I Want to Be More Like the Ocean

Banana Jr. 6000
December 2, 2021 at 9:16 am
They’ve already published a Subterranean book…they’re apparently working on another one, and they’re just now determining who their characters are? Going over their character roster is the only thing these Atomik Klowns ever do!

…aaaaand Mindy, “The Girl.”

Batiuk famously builds story arcs set in milieux around which his lack of actual understanding becomes glaringly evident: think moviemaking, or military service. But we all know him to be a bonafide, lifetime consumer and aficionado of comics and comic books. They are his sworn passion. Young Tom Batiuk even followed his dream to New York. “I met with an editor at DC Comics who ripped not only my work up and down but me as well for having had the temerity to show up at his office with it.” OK, it didn’t lead to his dream job, and he had to settle for being a mere “cartoonist.” Still, he knows and collaborates with people in the industry. Which industry, with very few exceptions, probably operates nothing like the way he depicts it here.

Do You Hope to Pluck this Dusky Joule?

Hitorque
November 29, 2021 at 11:57 pm
…For all that money and all that artistic talent, this [Atomik Komix] outfit has the professionalism and maturity level of a bunch of neighborhood kids in a treehouse with a mimeograph machine…

In my dissertation yesterday regarding the traits of various FW characters, I called Phil Holt “a nasty, sarcastic little prick.” His partner Flash once diplomatically described him as a “grumpy guy who spent most of his time (emphasis mine) at war with the world and everyone in it.” Most of his time. Yesterday (or a few minutes or hours ago in strip time), Holt came thisclose to telling Pete to shove “all of these ideas of yours” up his ass. Today the Silver Alert, uh, Silver Age Duo have come a knockin’ to borrow a cup of Darin and Pete’s creative sugar.

Pete Persists

Batiuk seems to have a fondness for his diametrically opposed duos: compare Les, for example, whose every endeavor (except I guess Lisa’s Story: the Movie) is met with acclaim, vs. his best friend Funky, against whom the very universe conspires to make miserable. Cody and Owen: the clueless stoner and the glasses-wearing geek. Those Crankshaft teen twins: sugar/spice, naughty/nice. Pete and Darin? Well, they’re equally and interchangeably douchey. But their Silver Age analogues “Flash” Freeman and Phil Holt? Phil, he’s just a nasty, sarcastic little prick, while Flash is generally kindly and even tempered. Batiuk also often has his characters finishing each others’ sentences, but of course that’s not what’s happening in today’s strip. Phil is clearly about to tell Pete to shove his ideas up his ass. Flash!
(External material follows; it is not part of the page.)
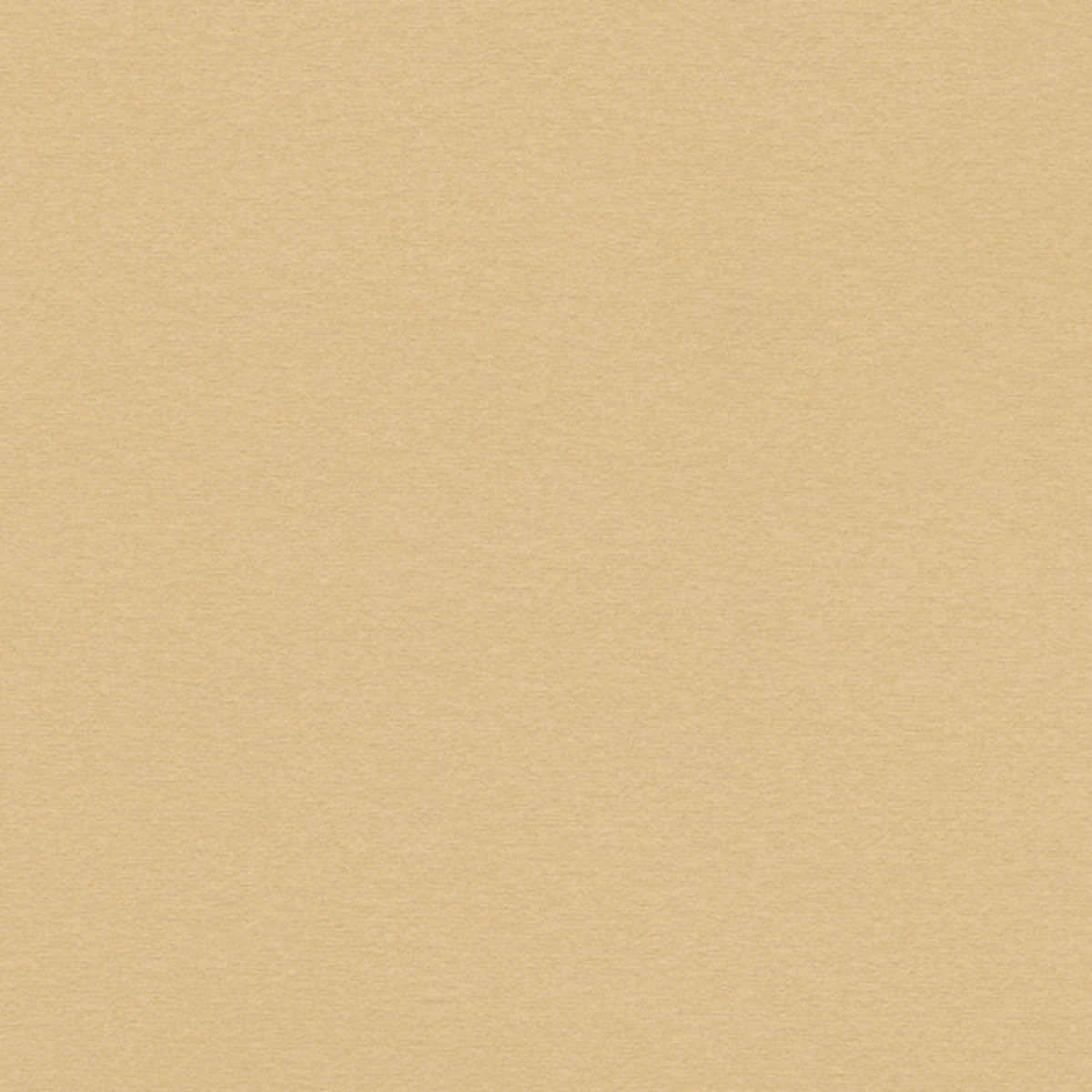 Desert Sand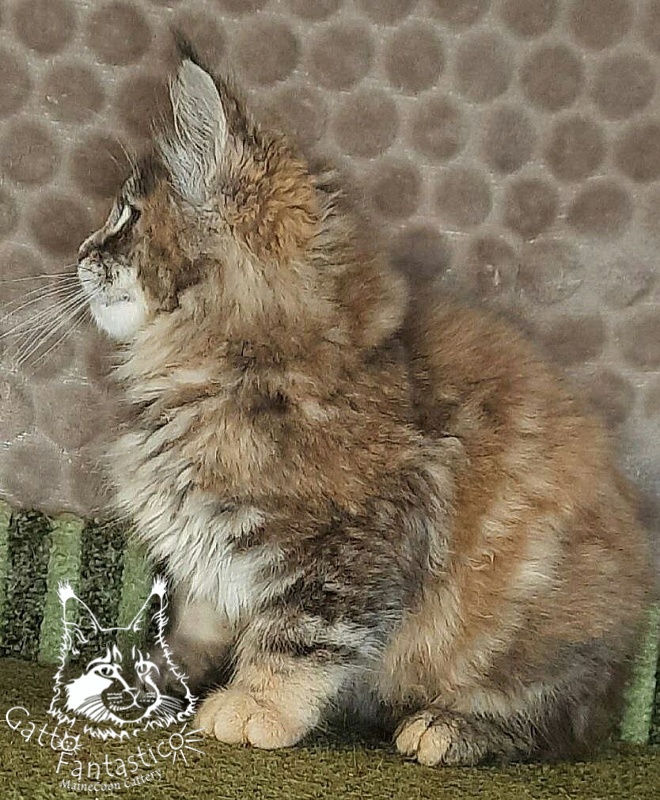 Gatto Fantastico Vanille 44 - Кошеня мейн-кун 2 місяця 4 тижні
Let the man speak!

What a Tosser

Does anyone else get the feeling that today’s strip is a reflection of Tom Batiuk’s own creative process? We’ve often see Pete enthusiastically “tossing out” his half-baked ideas as rapidly as they pop into his head. But where Pete’s concepts must now pass muster with a couple of cantankerous comics creators, Batiuk seemingly is given carte blanche by an editorial director who’s probably too busy on Twitter to pay much attention.

Cyber Monday

Aside from Les, Cayla, and their offspring, about the only other folks not seated at Harriet Dinkle’s massive Thanksgiving table were the Atomik Komix Krewe. Maybe it was necessary for them to work through the holiday: after all, AK is  a booming comics publisher, regularly pushing out new titles, operated by a staff of six people with a median age well north of sixty.

It was too much work for yours truly to sit at the computer like Flesh Floppyhead (thanks to snarker Sourbelly for coming up with that moniker!) in today’s strip and look up “gravitational wave theory.” OK: I spent three minutes looking it up, enough time for me to glean that it doesn’t really have to do with the ability of one to “defy gravity.” The letter writer, by the way, can accept a superhero who’s “composed of air…and who needs an airtight suit to encase him,” but must take exception to Doctor Atmos’ also being able to defy gravity. Look, forget about wave theory: according to basic physics, nothing can defy gravity. Except in, say, a comic book.  Jeez, what kind of terrible person goes online to complain about comics not following real life?